VENTHÔNE/KAPELLEN — Amper 24 was ze, toen Ief De Keersmaecker (31) besloot om tijdens het winterseizoen skiles te gaan geven in het Zwitserse Nendaz. Vandaag, zeven jaar later, woont ze er nog steeds en geniet ze met volle teugen van wat het prachtige Alpenland haar te bieden heeft.

“Ik hou ervan om nieuwe mensen te leren kennen en nieuwe dingen te ontdekken. Toen ik naar hier kwam, was dat aanvankelijk voor één seizoen. Ik keek ernaar uit om te skiën, maar zag het ook echt als een avontuur. Na dat eerste winterseizoen kwam ik bij Johnson & Johnson terecht voor een stage binnen de communicatieafdeling. Die stage leidde tot een job en vandaag ben ik er nog steeds. Ik werk nu als HR Leader Change & Communications voor Europa, het Midden-Oosten en Afrika.”
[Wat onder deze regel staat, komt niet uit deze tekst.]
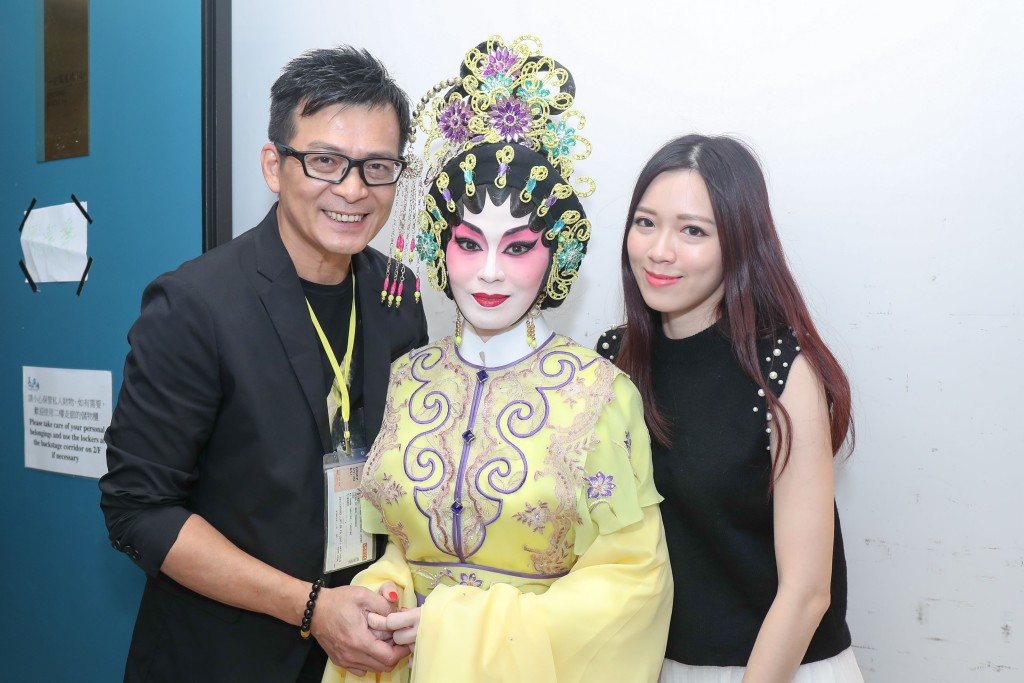 兩父女都好疼愛好媽媽梁潔華。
Woon je nog steeds in Nendaz?
Ief De Keersmaecker: “Nee, maar wel in de buurt, op een dik half uur. Na mijn winterseizoen in Nendaz, heb ik zes jaar in Zürich gewoond, de grootste stad van Zwitserland, maar zes maanden geleden ben ik weer naar het Franstalige kanton Wallis verhuisd. In Venthône heb ik mijn droomhuis gevonden: van op mijn terras heb ik een droomuitzicht op de bergen. Eerlijk? Ik denk dat dit mijn favoriete plek is in heel Zwitserland. Het gevoel dat ik krijg als ik op mijn terras geniet van het prachtige uitzicht, dat is onbeschrijfelijk. Dat gevoel van ruimte, dat voelt telkens weer als vakantie.”

Wat vind je, behalve het uitzicht op je terras, zo fijn aan wonen in Zwitserland?
“Het leven in Zwitserland is heel actief. Hier breng je de tijd vooral buiten in de natuur door. In de bergen of in een andere mooie natuurlijke omgeving. Dat actieve leven past wel bij mij: ik hou niet alleen van skiën, maar ook van surfen, dansen en gewoonweg in de natuur zijn. Hier kan dat. Overal waar je komt, is de natuur vlakbij en iedereen kan ervan genieten. Die prachtige kilometers verre uitzichten, daar doe ik het voor.”

Wat is er zo typisch aan Zwitserland?
“Wat ik leuk vind aan Zwitserland is dat alles hier heel goed werkt. Treinen rijden op tijd en overal waar je komt, is het proper. De straten worden hier regelmatig met water gekuist. Zwitsers zijn ook trots op hun kazen. Je kan hier vrijwel overal raclette en kaasfondue eten, en mijn Zwitserse vrienden doen dat ook op héél regelmatige basis. Soms skip ik met veel plezier een weekend raclette. Nog typisch: zoals de kinderen in België naar het voetbal gaan, trekken ze hier op zaterdag naar de skischool.”

Klinkt idyllisch. Zijn er ook dingen waar je je aan ergert?
“Het is niet altijd eenvoudig om plannen te maken met Zwitsers. Ze houden ervan als alles goed geregeld is en daarom plannen ze alles lang op voorhand. Dat laat jammer genoeg weinig ruimte over voor spontane afspraken. Het duurt ook lang voor een Zwitser je als een vriend beschouwt. Mensen leren kennen en vrienden maken, is niet zo eenvoudig. In Zürich worstelde ik daar wel mee. Nu ik opnieuw in het Franstalige deel van Zwitserland woon, lijkt het iets beter.”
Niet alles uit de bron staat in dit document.